0^0 is an indeterminant form. 1/0 is NaN ( Not a Number ). Division by zero is prohibited.
If 0^0 equals 1 and only 1, then 0^(0-1) will equal 1/0
Evaluating 0^0 = 1 was good enough for Euler, so it's good enough for me.
See Schlomilch's Zeitschrift für Mathematik und Physik for a fuller discussion.
Eddie Woo did a clear video on 0^0 on Youtube.
1/0 = infinity which I hate. Maths is pure but the infinity convenience tramples o many things.
e.g. (1+1/n)^n converges to e but when infinity rears its ugly head, it becomes 1
Very interesting but I think that it belongs in 'Off Topic' because it is not chess related.
Eddie Woo did a clear video on 0^0 on Youtube.
1/0 = infinity which I hate.
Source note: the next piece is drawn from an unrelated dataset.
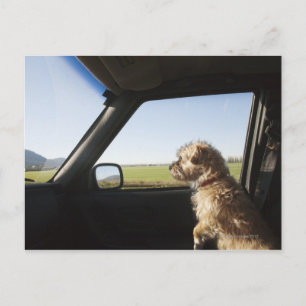 Vrouw Terrier X, zittend als voorste zitplaats van Briefkaart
Maths is pure but the infinity convenience tramples o many things.
e.g. (1+1/n)^n converges to e but when infinity rears its ugly head, it becomes 1
Very interesting but I think that it belongs in 'Off Topic' because it is not chess related.
1/0 is not infinity. It is undefined, and I can prove it. let's set x/0=infinity. If you try to universally apply this, you find that x=every number, which means every number is the perfect equal of every other number. so 1=2. No. If we try with a limit, we find that yes, as the denominator gets smaller and smaller, the product is bigger. and it does hit infinity at 0. but the only works at the positive numbers. if we come from the negatives, the opposite happens. it ends to -infinity. we have 2 completely different answers. so we cannot use a limit. there is more than one limit with completely different answers. therefore, this is undefined.
also, 0^0 does not equal one. it is also undefined. really the same principles, except the limit gets different in the complex numbers.
In most country most highschool teacher teach that 0^0 is undefined, but everyone that ever needs to evaluate a Taylor-series at 0 (everyone that touches math outside of highschool) uses 0^0 = 1.
maybe 0^0=1 can work in simple scenarios, but once you actually try to use it to describe more complex things using the set of complex numbers, you start breaking physics, and you get completely ridiculous answers to the most straightforward of things. 0^0= undefined. period.
And (1/0*0^1) will equal 0/0 which does not equal just 1, but any complex number.